Reviewed by Jane Beal, PhD, CD(DONA), CCE(BWI) & CLS
Allie Chee, author of New Mother: Using a Doula, Midwife, Postpartum Doula, Maid, Cook or Nanny to Support Healing, Bonding and Growth (Hestia Books & Media, 2012), is clearly an extraordinary person. She gave birth to her first baby at the age of 42 at home in the care of a midwife, but only after traveling to 50 different countries around the world, co-founding a leading financial industry publication, and owning her own cleaning business. So, as she says, “in the spirit of community” she offers what she has learned to her readers to help them “realize their dream of motherhood” (p. 20).
Allie Chee clearly values the opportunity for mothers to stay at home and raise their own children. She is in favor of families having servants to help make this happen well. As the daughter of a single mom who worked as a cleaning woman in Texas and as a woman who cleaned plenty herself—and then went on to own a cleaning business—she places a high value on service. Service is undervalued in our culture, but not in Chee’s family. In Chee’s view, service is particularly valuable to pregnant, birthing, and postpartum mothers. She has a good point.
Relying primarily on her personal experience, she talks in detail about the services she received from her OB-GYNs (only one of whom she kept as a back-up), two midwives (one of whom she fired), three doulas (all affiliated with her chosen midwife who were apparently in the role of apprentices), her two postpartum doulas (one of whom she detested), and a woman she hired who is, as she says, “a lot nanny, a little bit cook, and a tiny bit maid” (p. 125). She explains the qualifications she believes people in each of these roles should have and how she went about hiring them, giving the specific questions she asked in interviews and explaining the importance of contacting references. She emphasizes the importance of feeling that special “click” with people who are going to serve you.

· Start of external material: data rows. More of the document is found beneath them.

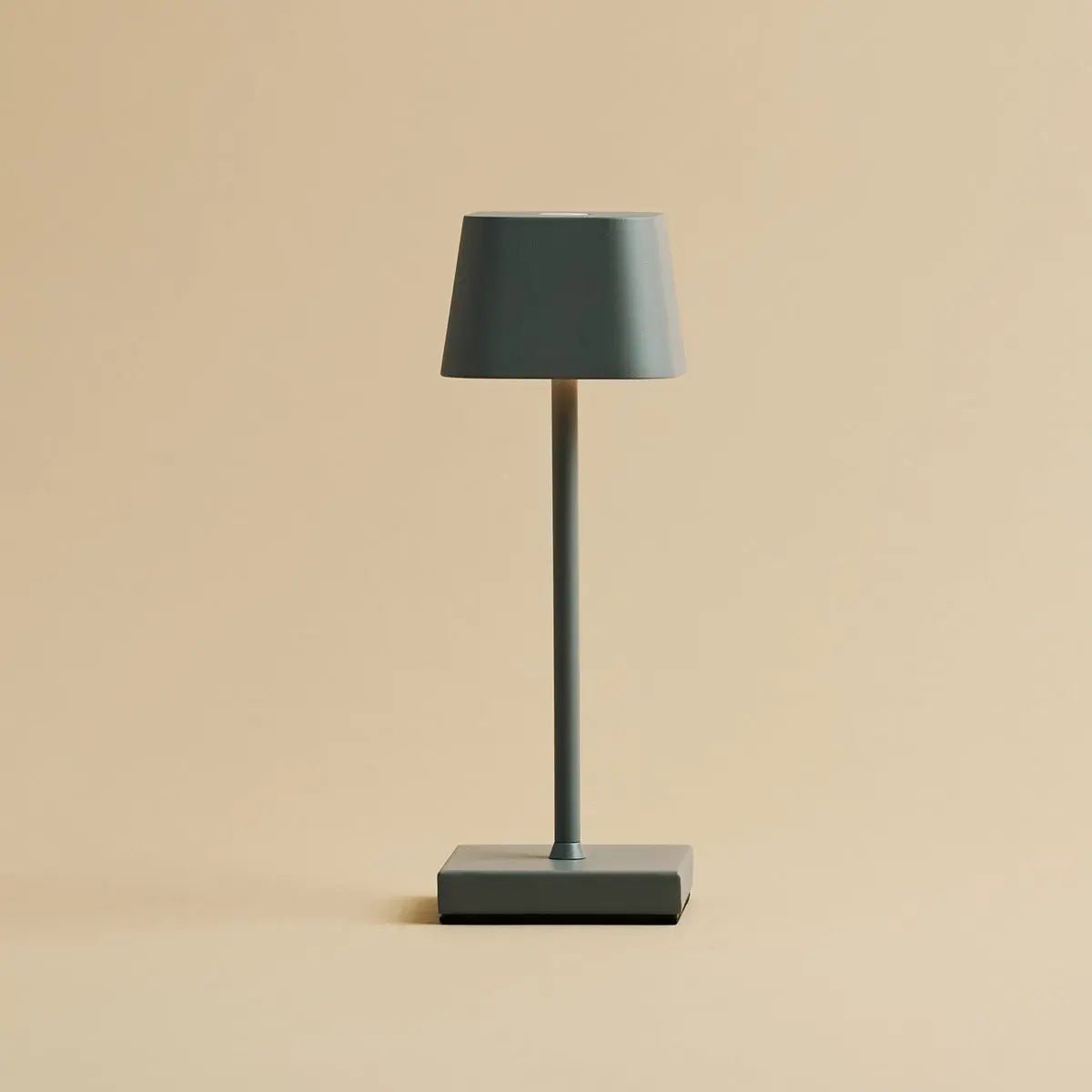 Kombi-Set Profi | 8 x Sarphati Mini Mouse Grey wiederaufladbare Tischlampe mit Ladestation
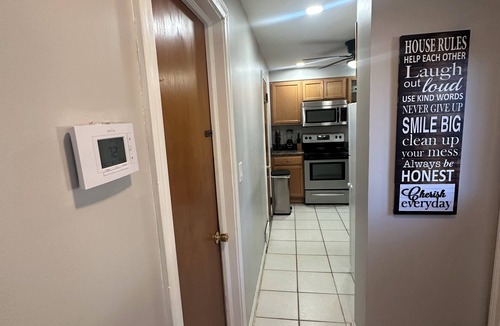 Canton Apartment | Charming 3-bedroom apartment with AC and back deck in Canton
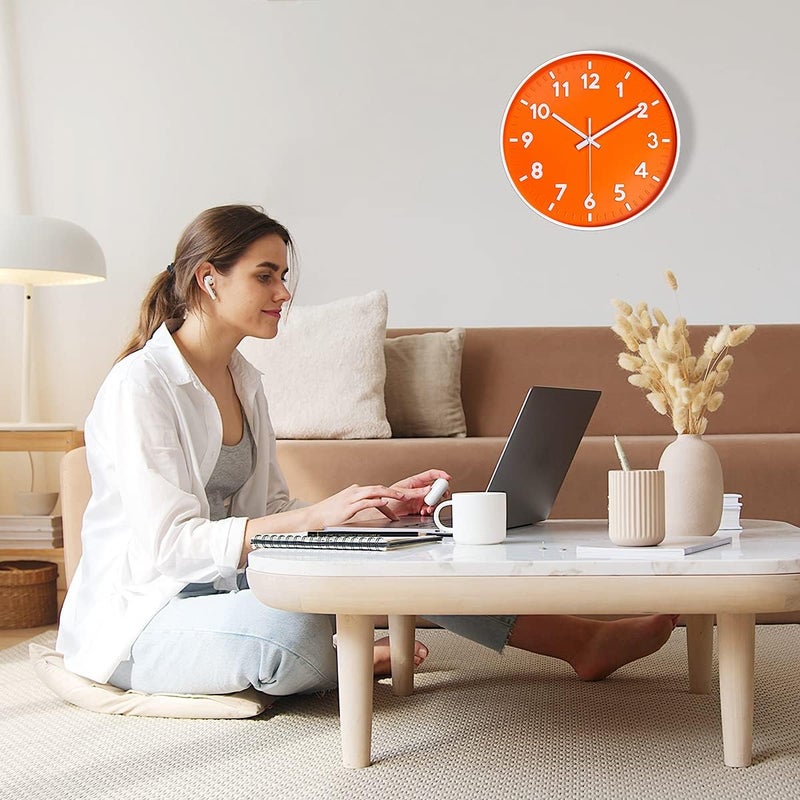 JENLYSTIME ساعة حائطية حديثة من بقياس 12 بوصة وعرض رقمي ثلاثي الأبعاد، عقارب دائرية زاهية وملونة، تعمل ببطارية كوارتز بدون صوت، سهلة القراءة وبتصميم بسيط، مناسبة لغرفة النوم أو المطبخ (لون أصفر). - Image 4
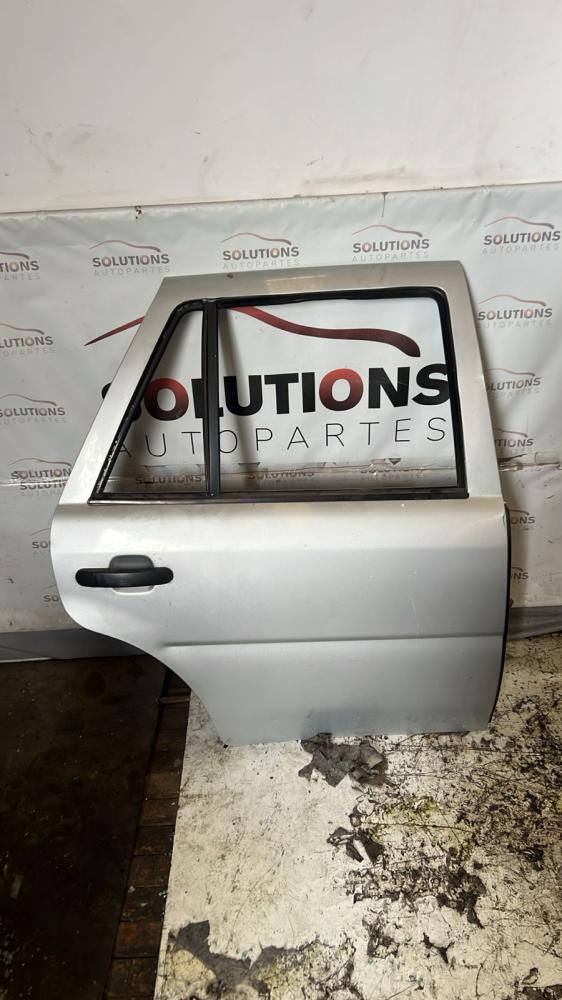 PUERTA TRASERA DERECHA VOLKSWAGEN GOL COUNTRY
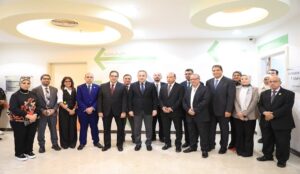 وزير التعليم العالي ورئيس جامعة القاهرة يفتتحان ويتفقدان مشروعات طبية بقصر العيني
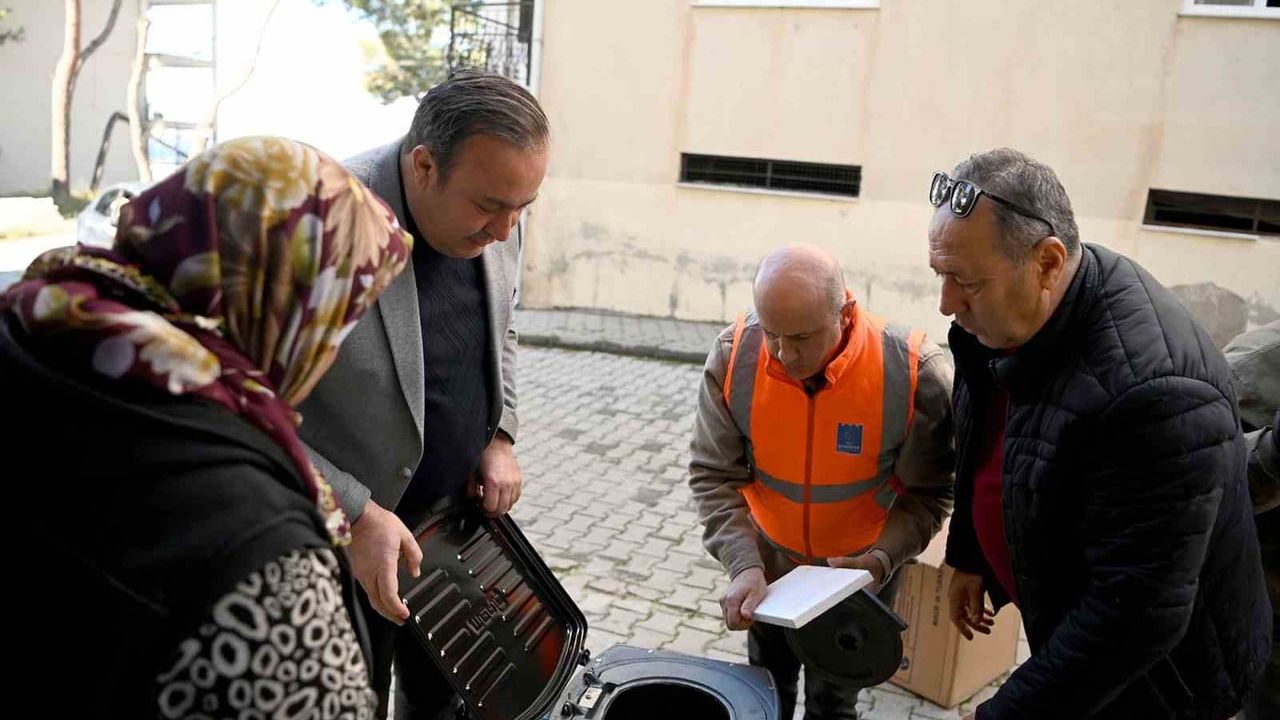 Kuşadası'nda Dayanışma ile Kış Ayları Isınıyor
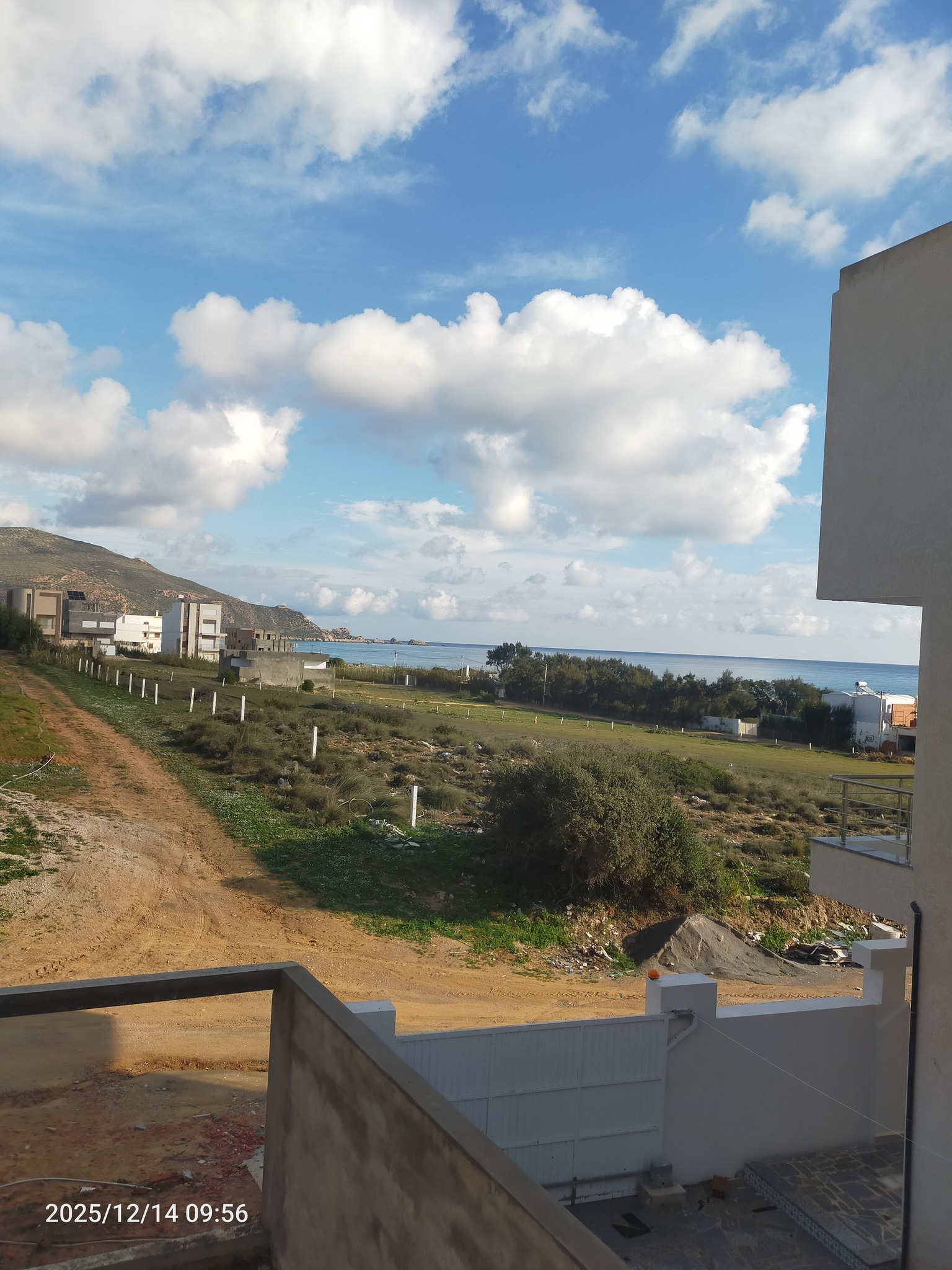 El Haouaria&nbsp;Cite Touristique&nbsp;Vente&nbsp;Appart. 3 pi�ces&nbsp;Maison a la plage cl� en main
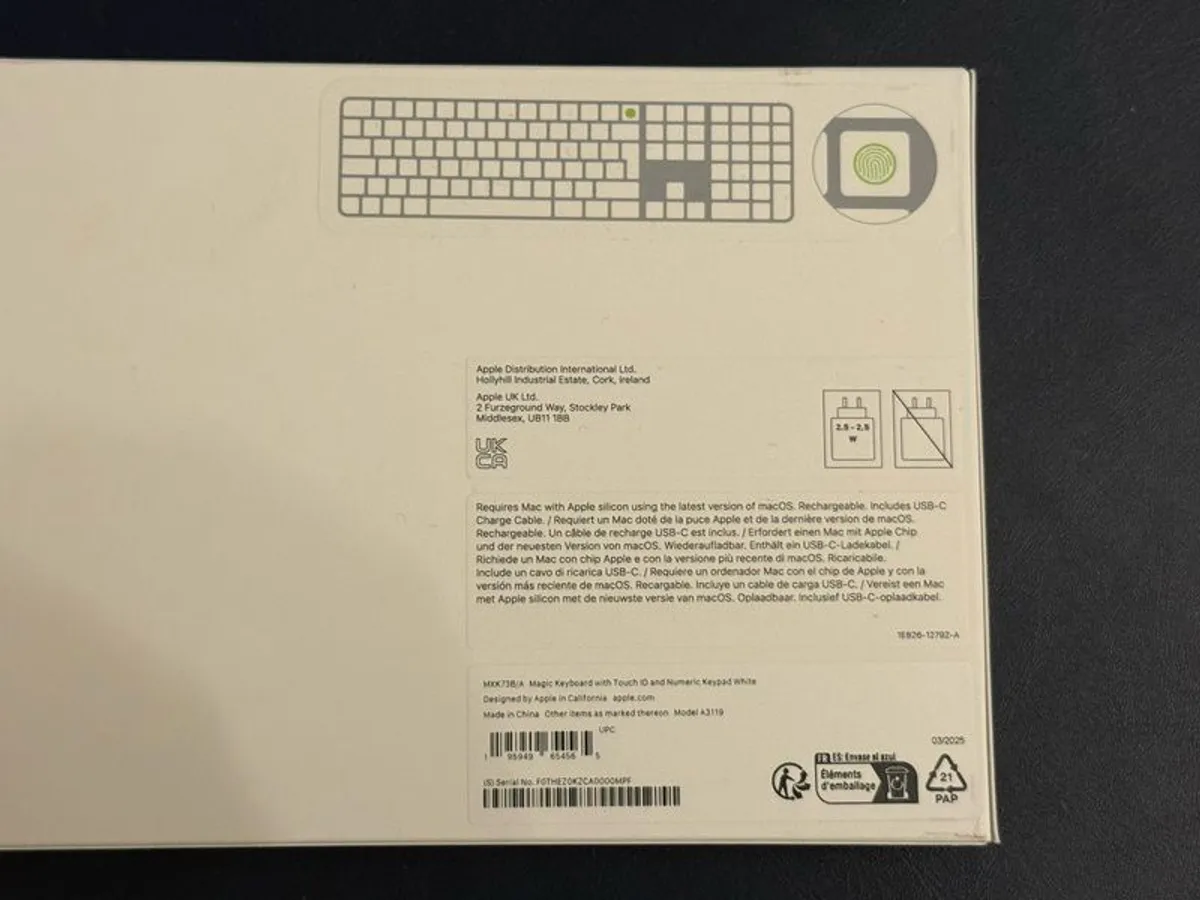 (New) Apple Magic Keyboard with Touch ID and Numeric Keypad (USB-C) - Image 3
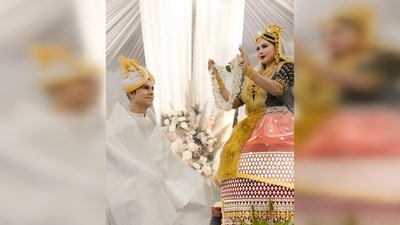 Sharing a series of images from their weddign ceremony on his Instagram handle Randeep Hooda captioned his post, "From today, we are One ♥️♾️ #JustMarried." (Instagram/@randeephooda) Sharing a series of images from their weddign ceremony on his Instagram handle Randeep Hooda captioned his post, "From today, we are One ♥️♾️ #JustMarried." (Instagram/@randeephooda)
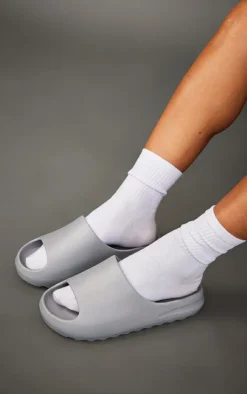 PrettyLittleThing Slides*Rubber Rib Sole Slides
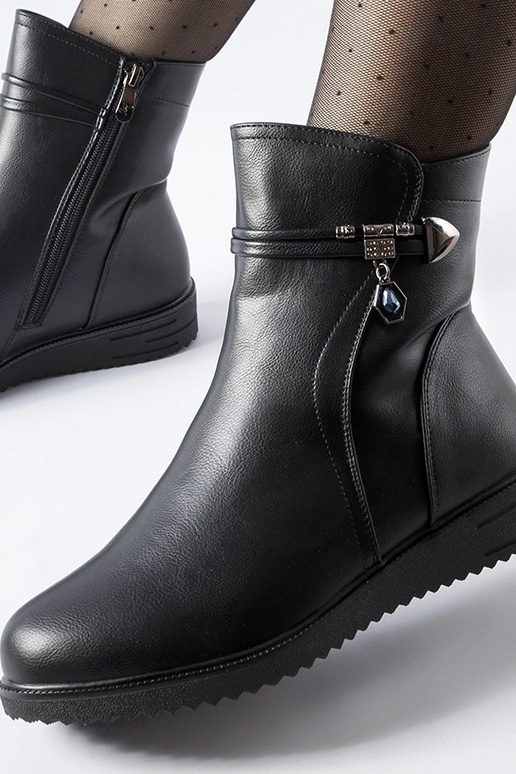 Nola schwarze gefütterte Stiefeletten...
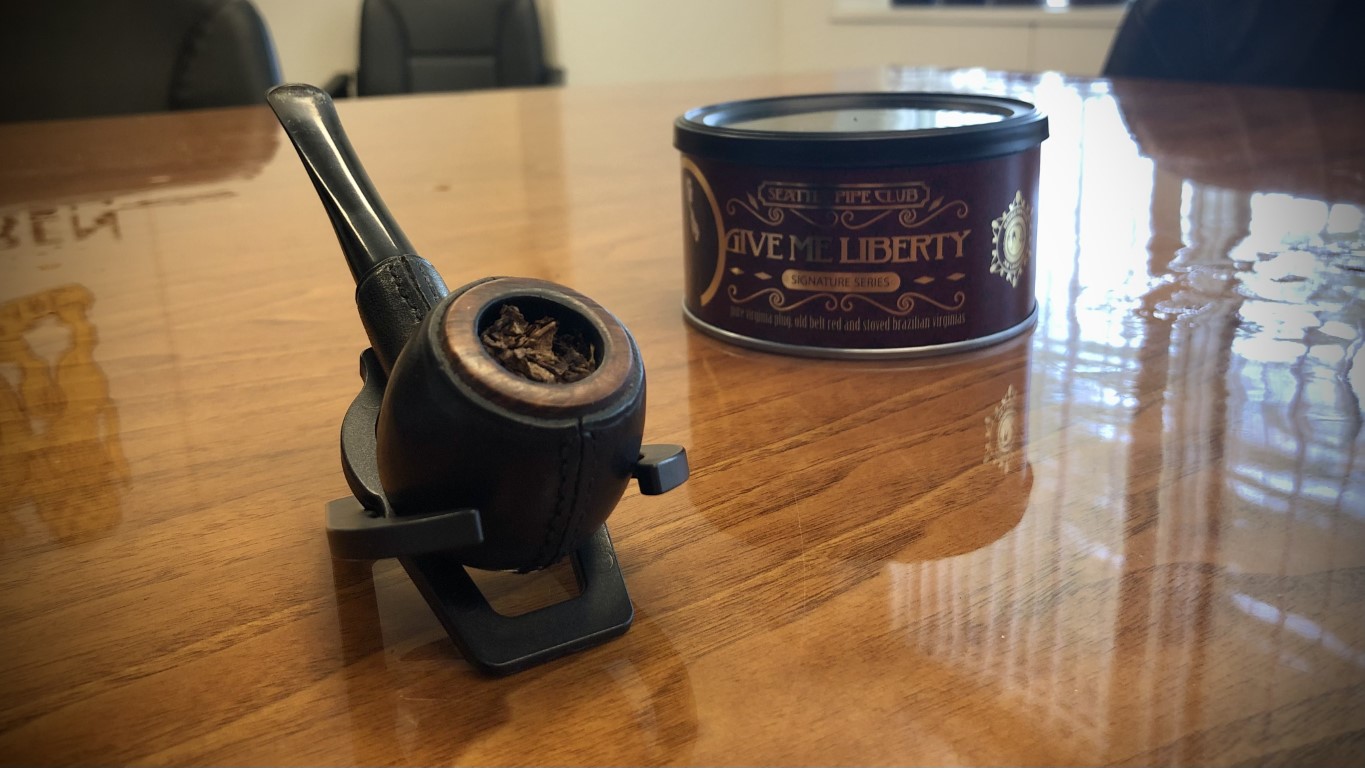 Seattle Pipe Club Give Me Liberty in Longchamp straight pipe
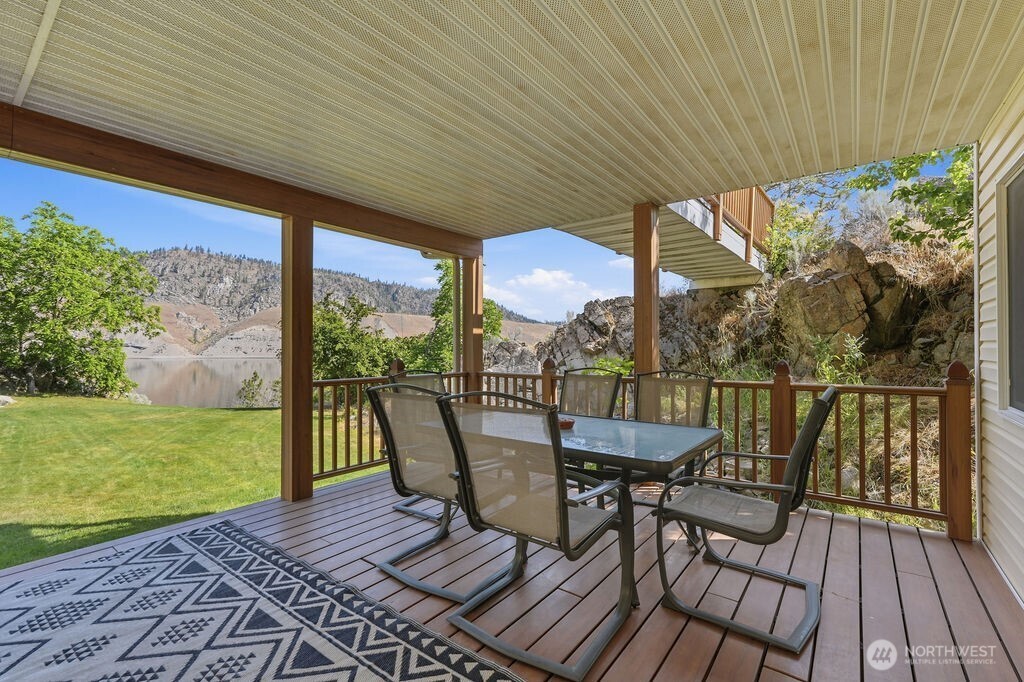 39879 W Mill Drive Property Photo 16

Interwoven throughout her chapters is Chee’s interest in traditional Chinese medicine, Ayurvedic healing, and vegan meal preparation. She highlights the Chinese practice of the “sitting moon,” a 30-40 day period after birth in which the mother keeps to her bed with her baby as part of her healing process. Americans typically go on the “honeymoon” when they marry, and many have heard of the “baby moon” (a honeymoon-like getaway for the married couple during the second trimester of pregnancy), but incorporating the “sitting moon” into family life could bring truly great benefits. Chee particularly endorses the book, Sitting Moon: A Guide to Natural Rejuvenation after Pregnancy by Dr. Daoshing Ni and Jessica Chen.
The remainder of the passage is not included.